While an increase in July seems unlikely, 27% of economists think the SARB will increase the repo rate this year – 8% say we could see a hike as soon as September, with 19% forecasting a November increase.
However, the majority do not think there will be a rate increase until 2022 (70%). 54% expect the rate to increase in the first half of 2022, while 16% expect an increase in the latter half.
Only one economist, Managing Director of Xesibe Holdings Ayabonga Cawe, expects the rate to first increase in 2023.
Regardless of when it happens, most panellists (89%) expect the next rate movement will be up.
Buying versus renting
With sentiment towards buying, rather than renting, at its highest level since the introduction of the Absa Homeowner Sentiment Tracker, 69% of the panel of experts expect this trend to reverse as interest rates increase.
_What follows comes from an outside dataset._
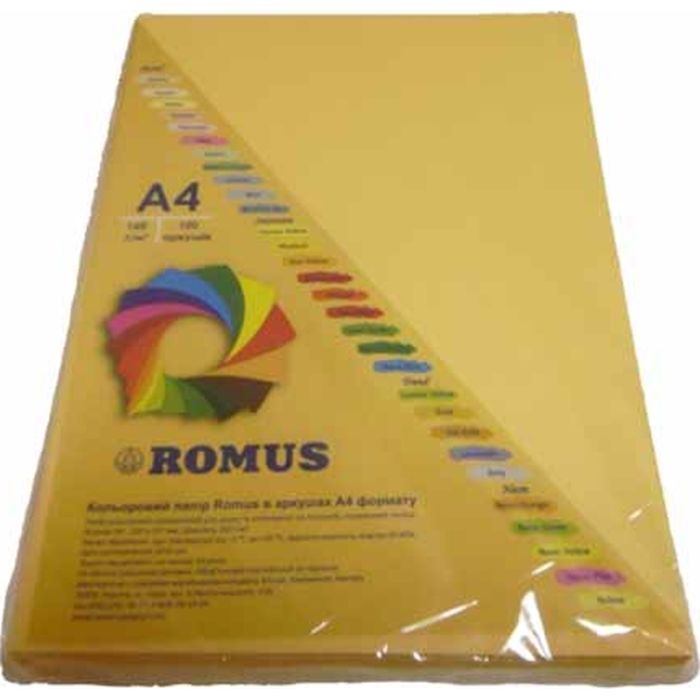 Бумага Romus A4 80 г/м2 100sh Golden (R50751)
Alexander Forbes chief economist Isaah Mhlanga says sentiment toward buying will reverse as the cost of financing debt goes up.
“When interest rates increase, the cost of servicing debt rises relative to the cost of rental, so people prefer renting when rates are too high,” he said.
However chief executive at Pam Golding Property Group Andrew Golding says the interest rates will still be low enough for the current sentiment to continue.
Jawitz Properties CEO Herschel Jawitz agrees that sentiment won’t reverse once interest rates rise. He thinks any increase will be marginal and therefore won’t have a material impact on sentiment.
“… the other key factor is bank lending. Despite the economy, banks have been lending at a very good level into the residential market. In addition, property price growth remains subdued, so the buying remains attractive,” he added.
Property prices in South Africa’s 10 biggest cities are set to increase by just 3% on average, according to 18 of the panellists who provided property forecasts.
That is a decrease from Finder’s April report, when the panel expected prices would increase by 5% over the next six months.
On average, Port Elizabeth is expected to increase the most (3.65%), followed by Durban and Cape Town (both at 3.4%). Meanwhile, property prices in cities like Benoni and Pietermaritzburg are set to increase by just 2% or less.